(Crawled caption data)
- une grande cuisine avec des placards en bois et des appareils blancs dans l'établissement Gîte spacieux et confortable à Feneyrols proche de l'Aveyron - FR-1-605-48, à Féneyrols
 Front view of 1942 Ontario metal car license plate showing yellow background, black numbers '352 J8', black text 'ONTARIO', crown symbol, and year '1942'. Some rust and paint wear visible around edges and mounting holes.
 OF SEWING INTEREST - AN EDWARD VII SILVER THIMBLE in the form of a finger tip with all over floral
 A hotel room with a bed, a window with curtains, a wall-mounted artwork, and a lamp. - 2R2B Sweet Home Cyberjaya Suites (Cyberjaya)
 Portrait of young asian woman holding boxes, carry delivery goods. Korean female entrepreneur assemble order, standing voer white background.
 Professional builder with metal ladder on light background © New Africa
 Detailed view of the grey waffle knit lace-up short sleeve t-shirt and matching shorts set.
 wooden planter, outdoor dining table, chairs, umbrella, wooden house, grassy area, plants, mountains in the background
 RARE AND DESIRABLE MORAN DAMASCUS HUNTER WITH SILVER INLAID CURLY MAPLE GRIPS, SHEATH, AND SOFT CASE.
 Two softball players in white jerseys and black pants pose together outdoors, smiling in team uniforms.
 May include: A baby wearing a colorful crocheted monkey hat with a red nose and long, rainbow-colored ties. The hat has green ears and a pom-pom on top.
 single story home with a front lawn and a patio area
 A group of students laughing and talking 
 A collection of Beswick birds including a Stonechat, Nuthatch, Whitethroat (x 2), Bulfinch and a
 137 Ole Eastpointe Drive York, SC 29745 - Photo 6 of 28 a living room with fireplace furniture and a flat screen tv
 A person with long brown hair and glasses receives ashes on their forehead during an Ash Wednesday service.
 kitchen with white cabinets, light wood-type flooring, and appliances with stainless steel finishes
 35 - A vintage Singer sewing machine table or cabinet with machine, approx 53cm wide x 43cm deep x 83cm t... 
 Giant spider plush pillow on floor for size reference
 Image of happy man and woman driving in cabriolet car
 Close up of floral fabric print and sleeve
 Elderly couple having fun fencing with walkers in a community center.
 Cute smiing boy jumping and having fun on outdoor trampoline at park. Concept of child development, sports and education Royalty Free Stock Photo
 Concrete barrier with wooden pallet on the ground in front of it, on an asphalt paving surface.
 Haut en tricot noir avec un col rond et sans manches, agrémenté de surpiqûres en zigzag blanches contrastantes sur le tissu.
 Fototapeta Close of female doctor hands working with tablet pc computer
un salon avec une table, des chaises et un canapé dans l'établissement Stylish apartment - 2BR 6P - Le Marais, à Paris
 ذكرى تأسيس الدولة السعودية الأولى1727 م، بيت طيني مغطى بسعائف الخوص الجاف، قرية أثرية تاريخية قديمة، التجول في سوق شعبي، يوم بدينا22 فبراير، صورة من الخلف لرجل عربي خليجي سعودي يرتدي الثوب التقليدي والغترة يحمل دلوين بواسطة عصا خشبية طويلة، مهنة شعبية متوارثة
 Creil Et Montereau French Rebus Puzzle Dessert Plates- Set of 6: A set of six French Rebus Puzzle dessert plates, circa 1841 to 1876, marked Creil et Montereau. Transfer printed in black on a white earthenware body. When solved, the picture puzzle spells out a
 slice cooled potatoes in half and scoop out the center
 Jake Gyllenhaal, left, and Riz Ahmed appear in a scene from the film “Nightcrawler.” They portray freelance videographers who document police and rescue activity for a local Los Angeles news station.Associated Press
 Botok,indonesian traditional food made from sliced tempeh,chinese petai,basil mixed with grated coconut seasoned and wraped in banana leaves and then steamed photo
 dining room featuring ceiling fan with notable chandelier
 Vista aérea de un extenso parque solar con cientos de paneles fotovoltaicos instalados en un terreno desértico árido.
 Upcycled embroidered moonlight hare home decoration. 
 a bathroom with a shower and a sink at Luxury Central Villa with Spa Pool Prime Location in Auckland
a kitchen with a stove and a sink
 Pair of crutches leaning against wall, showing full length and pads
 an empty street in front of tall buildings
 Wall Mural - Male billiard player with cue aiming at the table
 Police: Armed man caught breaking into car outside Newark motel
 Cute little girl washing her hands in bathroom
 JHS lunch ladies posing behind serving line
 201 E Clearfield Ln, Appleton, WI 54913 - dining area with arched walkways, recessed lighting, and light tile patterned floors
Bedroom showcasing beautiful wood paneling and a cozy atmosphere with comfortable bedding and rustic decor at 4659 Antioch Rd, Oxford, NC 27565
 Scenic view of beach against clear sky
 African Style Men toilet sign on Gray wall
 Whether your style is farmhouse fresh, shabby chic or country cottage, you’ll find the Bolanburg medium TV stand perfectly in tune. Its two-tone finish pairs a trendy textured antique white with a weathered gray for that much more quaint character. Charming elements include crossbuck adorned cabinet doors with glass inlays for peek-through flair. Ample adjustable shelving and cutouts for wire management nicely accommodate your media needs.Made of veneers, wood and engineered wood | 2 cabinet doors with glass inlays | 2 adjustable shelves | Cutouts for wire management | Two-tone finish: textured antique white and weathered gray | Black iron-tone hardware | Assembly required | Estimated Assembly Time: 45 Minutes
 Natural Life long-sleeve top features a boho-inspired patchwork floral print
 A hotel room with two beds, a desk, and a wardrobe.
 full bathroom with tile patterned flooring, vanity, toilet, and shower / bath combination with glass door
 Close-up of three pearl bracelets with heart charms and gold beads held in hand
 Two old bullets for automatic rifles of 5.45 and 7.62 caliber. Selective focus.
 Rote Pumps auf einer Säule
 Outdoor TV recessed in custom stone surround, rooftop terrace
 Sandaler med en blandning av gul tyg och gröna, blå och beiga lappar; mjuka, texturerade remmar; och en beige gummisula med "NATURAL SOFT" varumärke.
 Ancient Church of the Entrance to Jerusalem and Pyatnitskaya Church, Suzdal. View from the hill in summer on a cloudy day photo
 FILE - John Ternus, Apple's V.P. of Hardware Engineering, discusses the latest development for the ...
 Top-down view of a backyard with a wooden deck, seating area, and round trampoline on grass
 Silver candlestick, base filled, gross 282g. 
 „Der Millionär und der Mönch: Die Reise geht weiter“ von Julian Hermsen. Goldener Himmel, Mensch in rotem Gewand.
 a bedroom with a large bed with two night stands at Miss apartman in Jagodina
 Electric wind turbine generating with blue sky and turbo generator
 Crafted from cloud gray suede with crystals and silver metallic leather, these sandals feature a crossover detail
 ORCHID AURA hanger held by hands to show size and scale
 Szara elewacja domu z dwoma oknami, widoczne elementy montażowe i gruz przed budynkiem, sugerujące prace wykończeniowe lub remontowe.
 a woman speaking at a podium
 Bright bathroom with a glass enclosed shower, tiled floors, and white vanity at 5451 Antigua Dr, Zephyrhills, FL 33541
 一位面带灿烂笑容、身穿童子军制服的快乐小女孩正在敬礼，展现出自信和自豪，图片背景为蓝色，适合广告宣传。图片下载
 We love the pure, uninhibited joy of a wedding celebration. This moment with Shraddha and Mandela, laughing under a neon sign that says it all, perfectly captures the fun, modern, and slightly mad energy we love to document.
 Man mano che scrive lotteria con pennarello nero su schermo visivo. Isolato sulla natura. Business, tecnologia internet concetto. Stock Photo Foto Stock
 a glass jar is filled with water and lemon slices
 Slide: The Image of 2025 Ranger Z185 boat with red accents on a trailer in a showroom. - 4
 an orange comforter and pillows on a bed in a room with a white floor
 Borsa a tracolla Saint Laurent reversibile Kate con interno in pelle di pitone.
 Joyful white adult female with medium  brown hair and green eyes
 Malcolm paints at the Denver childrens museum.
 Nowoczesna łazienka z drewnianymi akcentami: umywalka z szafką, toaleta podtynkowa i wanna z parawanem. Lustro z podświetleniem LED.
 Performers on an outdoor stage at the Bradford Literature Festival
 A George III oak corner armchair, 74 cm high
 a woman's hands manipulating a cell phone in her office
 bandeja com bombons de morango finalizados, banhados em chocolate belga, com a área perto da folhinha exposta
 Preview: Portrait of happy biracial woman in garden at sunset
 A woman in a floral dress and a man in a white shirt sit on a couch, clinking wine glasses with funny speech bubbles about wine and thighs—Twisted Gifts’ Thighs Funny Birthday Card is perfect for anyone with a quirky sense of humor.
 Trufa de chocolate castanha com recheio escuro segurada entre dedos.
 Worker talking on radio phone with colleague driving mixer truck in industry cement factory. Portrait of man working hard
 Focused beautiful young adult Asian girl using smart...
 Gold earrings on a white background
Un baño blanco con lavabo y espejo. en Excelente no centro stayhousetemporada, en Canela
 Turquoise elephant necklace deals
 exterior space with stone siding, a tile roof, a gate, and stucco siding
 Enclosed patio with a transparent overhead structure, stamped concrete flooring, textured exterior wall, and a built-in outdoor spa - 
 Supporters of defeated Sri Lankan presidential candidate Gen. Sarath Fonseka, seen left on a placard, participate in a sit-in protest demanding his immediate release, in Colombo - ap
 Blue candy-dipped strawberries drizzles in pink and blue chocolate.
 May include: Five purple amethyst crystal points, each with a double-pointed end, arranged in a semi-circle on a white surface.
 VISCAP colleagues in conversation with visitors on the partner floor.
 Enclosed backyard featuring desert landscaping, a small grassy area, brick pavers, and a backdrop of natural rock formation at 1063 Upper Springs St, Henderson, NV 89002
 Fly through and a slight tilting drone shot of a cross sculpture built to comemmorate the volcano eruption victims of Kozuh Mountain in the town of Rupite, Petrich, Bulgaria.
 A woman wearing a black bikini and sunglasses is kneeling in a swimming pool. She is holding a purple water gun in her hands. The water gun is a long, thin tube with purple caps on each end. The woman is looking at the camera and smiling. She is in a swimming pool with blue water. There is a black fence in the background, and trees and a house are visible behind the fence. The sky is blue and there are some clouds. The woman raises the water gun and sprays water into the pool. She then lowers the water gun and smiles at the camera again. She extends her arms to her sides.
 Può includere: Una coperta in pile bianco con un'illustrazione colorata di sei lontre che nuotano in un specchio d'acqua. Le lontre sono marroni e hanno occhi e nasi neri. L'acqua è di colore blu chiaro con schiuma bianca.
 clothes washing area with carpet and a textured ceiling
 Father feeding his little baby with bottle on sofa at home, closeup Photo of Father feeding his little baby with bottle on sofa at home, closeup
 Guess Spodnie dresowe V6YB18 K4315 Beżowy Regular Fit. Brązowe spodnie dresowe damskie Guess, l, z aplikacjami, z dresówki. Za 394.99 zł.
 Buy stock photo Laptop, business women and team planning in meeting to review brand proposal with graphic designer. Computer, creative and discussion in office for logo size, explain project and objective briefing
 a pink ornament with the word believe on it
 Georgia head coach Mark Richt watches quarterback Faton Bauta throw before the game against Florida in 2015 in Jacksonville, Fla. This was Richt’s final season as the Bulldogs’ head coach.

• **About this task**
In the data above, find the line that contains "A collection of", then reproduce exactly every line from the first line through that line.

• **Task output**
- une grande cuisine avec des placards en bois et des appareils blancs dans l'établissement Gîte spacieux et confortable à Feneyrols proche de l'Aveyron - FR-1-605-48, à Féneyrols
 Front view of 1942 Ontario metal car license plate showing yellow background, black numbers '352 J8', black text 'ONTARIO', crown symbol, and year '1942'. Some rust and paint wear visible around edges and mounting holes.
 OF SEWING INTEREST - AN EDWARD VII SILVER THIMBLE in the form of a finger tip with all over floral
 A hotel room with a bed, a window with curtains, a wall-mounted artwork, and a lamp. - 2R2B Sweet Home Cyberjaya Suites (Cyberjaya)
 Portrait of young asian woman holding boxes, carry delivery goods. Korean female entrepreneur assemble order, standing voer white background.
 Professional builder with metal ladder on light background © New Africa
 Detailed view of the grey waffle knit lace-up short sleeve t-shirt and matching shorts set.
 wooden planter, outdoor dining table, chairs, umbrella, wooden house, grassy area, plants, mountains in the background
 RARE AND DESIRABLE MORAN DAMASCUS HUNTER WITH SILVER INLAID CURLY MAPLE GRIPS, SHEATH, AND SOFT CASE.
 Two softball players in white jerseys and black pants pose together outdoors, smiling in team uniforms.
 May include: A baby wearing a colorful crocheted monkey hat with a red nose and long, rainbow-colored ties. The hat has green ears and a pom-pom on top.
 single story home with a front lawn and a patio area
 A group of students laughing and talking 
 A collection of Beswick birds including a Stonechat, Nuthatch, Whitethroat (x 2), Bulfinch and a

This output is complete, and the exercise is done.